From: Cory Olmo <[email protected]>
This patch allows commas to be embedded into context mount options (i.e.
"-o context=some_selinux_context_t"), to better support multiple
categories, which are separated by commas and confuse mount.
For example, with the current code:
mount -t iso9660 /dev/cdrom /media/cdrom -o \
ro,context=system_u:object_r:iso9660_t:s0:c1,c3,c4,exec
The context option that will be interpreted by SELinux is
context=system_u:object_r:iso9660_t:s0:c1
instead of
context=system_u:object_r:iso9660_t:s0:c1,c3,c4
The options that will be passed on to the file system will be
ro,c3,c4,exec.
The proposed solution is to allow/require the SELinux context option
specified to mount to use quotes when the context contains a comma.
This patch modifies the option parsing in parse_opts(), contained in
mount.c, to take options after finding a comma only if it hasn't seen a
quote or if the quotes are matched. It also introduces a new function
that will strip the quotes from the context option prior to translation.
The quotes are replaced after the translation is completed to insure that
in the event the raw context contains commas the kernel will be able to
interpret the correct context.
Signed-off-by: Cory Olmo <[email protected]>
Signed-off-by: James Morris <[email protected]>
Acked-by: Stephen Smalley <[email protected]>
Please apply.
---
security/selinux/hooks.c | 32 +++++++++++++++++++++++++++++---
1 file changed, 29 insertions(+), 3 deletions(-)

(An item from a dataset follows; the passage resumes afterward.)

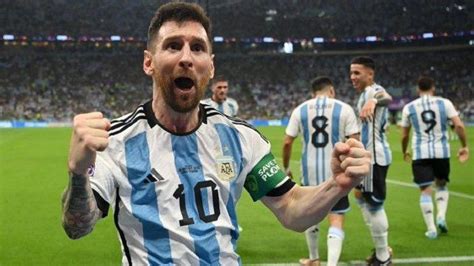 Piala Dunia 2022polandia Vs Argentina Julian Alvarez And Lionel Messi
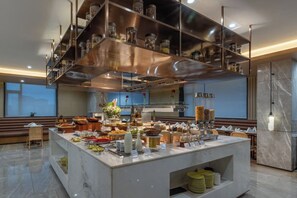 Petit déjeuner buffet servi tous les jours en supplément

diff -purN -X dontdiff linux-2.6.18-mm1.o/security/selinux/hooks.c linux-2.6.18-mm1.w/security/selinux/hooks.c
--- linux-2.6.18-mm1.o/security/selinux/hooks.c 2006-09-26 22:55:11.000000000 -0400
+++ linux-2.6.18-mm1.w/security/selinux/hooks.c 2006-09-28 15:26:04.000000000 -0400
@@ -398,7 +398,7 @@ static int try_context_mount(struct supe
/* Standard string-based options. */
char *p, *options = data;
- while ((p = strsep(&options, ",")) != NULL) {
+ while ((p = strsep(&options, "|")) != NULL) {
int token;
substring_t args[MAX_OPT_ARGS];
@@ -1930,11 +1930,34 @@ static inline void take_option(char **to
*to += len;
}
+static inline void take_selinux_option(char **to, char *from, int *first,
+ int len)
+{
+ int current_size = 0;
+
+ if (!*first) {
+ **to = '|';
+ *to += 1;
+ }
+ else
+ *first = 0;
+
+ while (current_size < len) {
+ if (*from != '"') {
+ **to = *from;
+ *to += 1;
+ }
+ from += 1;
+ current_size += 1;
+ }
+}
+
static int selinux_sb_copy_data(struct file_system_type *type, void *orig, void *copy)
{
int fnosec, fsec, rc = 0;
char *in_save, *in_curr, *in_end;
char *sec_curr, *nosec_save, *nosec;
+ int open_quote = 0;
in_curr = orig;
sec_curr = copy;
@@ -1956,11 +1979,14 @@ static int selinux_sb_copy_data(struct f
in_save = in_end = orig;
do {
- if (*in_end == ',' || *in_end == '\0') {
+ if (*in_end == '"')
+ open_quote = !open_quote;
+ if ((*in_end == ',' && open_quote == 0) ||
+ *in_end == '\0') {
int len = in_end - in_curr;
if (selinux_option(in_curr, len))
- take_option(&sec_curr, in_curr, &fsec, len);
+ take_selinux_option(&sec_curr, in_curr, &fsec, len);
else
take_option(&nosec, in_curr, &fnosec, len);
On Thu, 28 Sep 2006 15:30:53 -0400 (EDT)
James Morris <[email protected]> wrote:
> This patch allows commas to be embedded into context mount options (i.e.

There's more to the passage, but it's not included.